→ Provided records:
★ ★ ★ ★

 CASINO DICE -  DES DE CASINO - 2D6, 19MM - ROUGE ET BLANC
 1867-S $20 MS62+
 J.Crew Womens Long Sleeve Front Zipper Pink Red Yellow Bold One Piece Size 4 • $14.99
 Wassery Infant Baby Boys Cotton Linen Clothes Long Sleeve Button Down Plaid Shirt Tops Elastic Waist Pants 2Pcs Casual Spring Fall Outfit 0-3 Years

★ ★ ★ ★

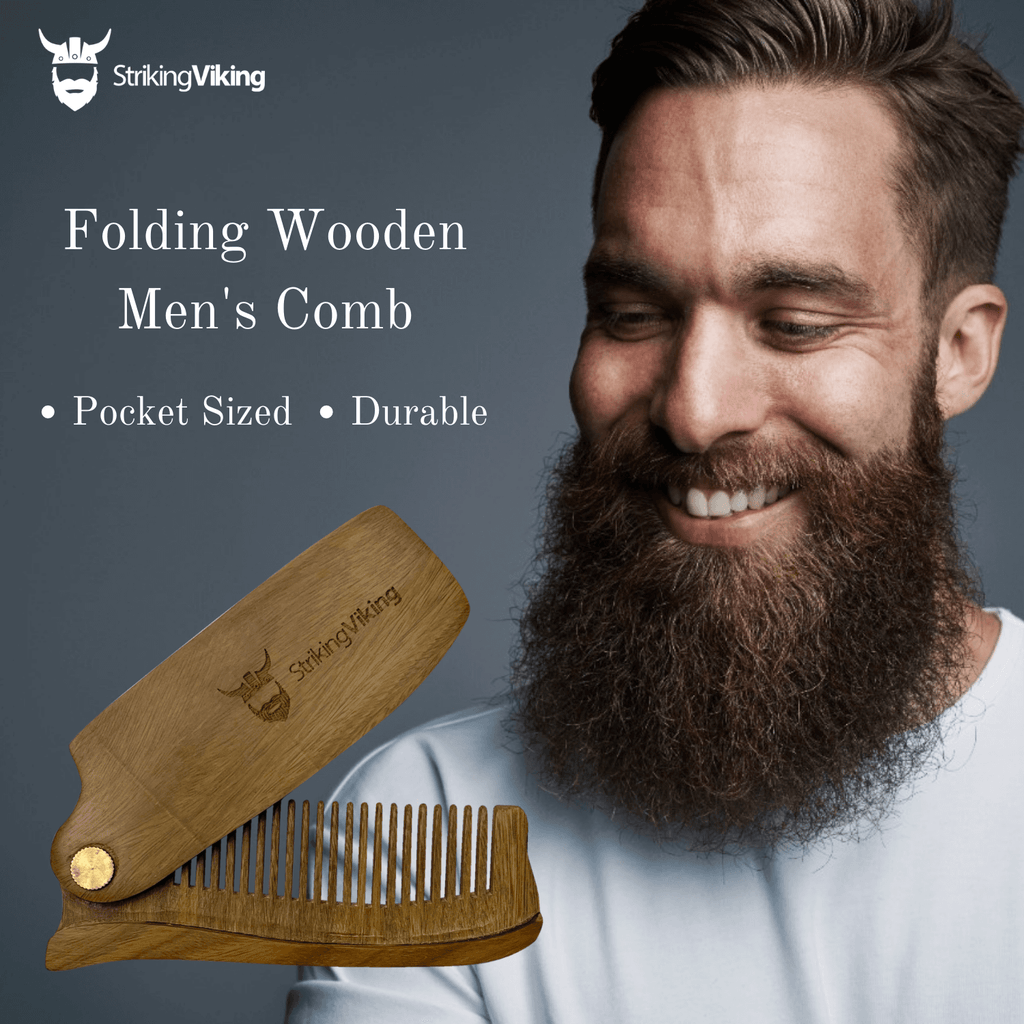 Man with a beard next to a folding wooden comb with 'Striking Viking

★ ★ ★ ★

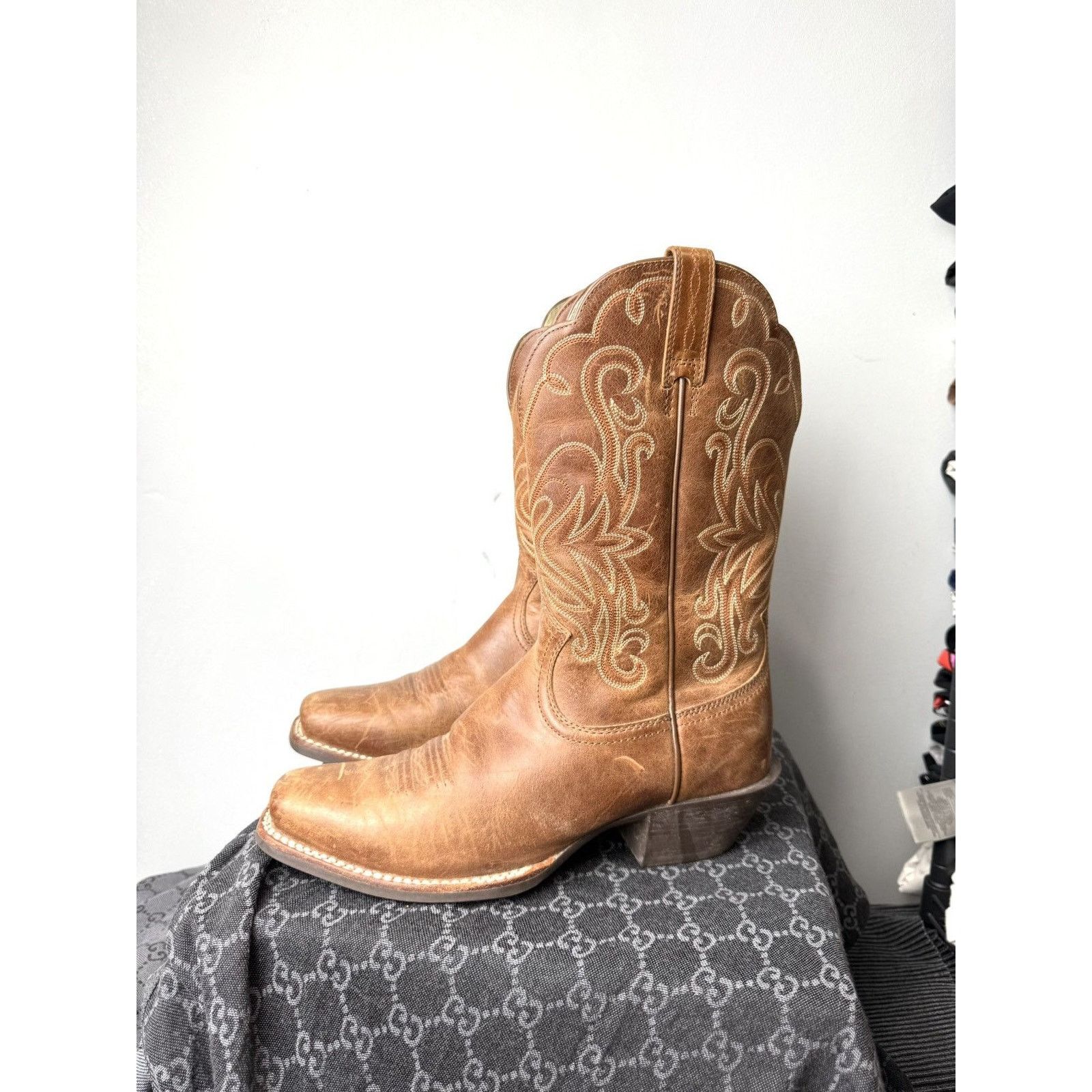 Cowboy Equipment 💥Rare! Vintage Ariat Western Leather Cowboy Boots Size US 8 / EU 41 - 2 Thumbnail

★ ★ ★ ★

→ What is required:
If a line in the data above contains "Long", return that line.

→ Task answer:
 J.Crew Womens Long Sleeve Front Zipper Pink Red Yellow Bold One Piece Size 4 • $14.99
 Wassery Infant Baby Boys Cotton Linen Clothes Long Sleeve Button Down Plaid Shirt Tops Elastic Waist Pants 2Pcs Casual Spring Fall Outfit 0-3 Years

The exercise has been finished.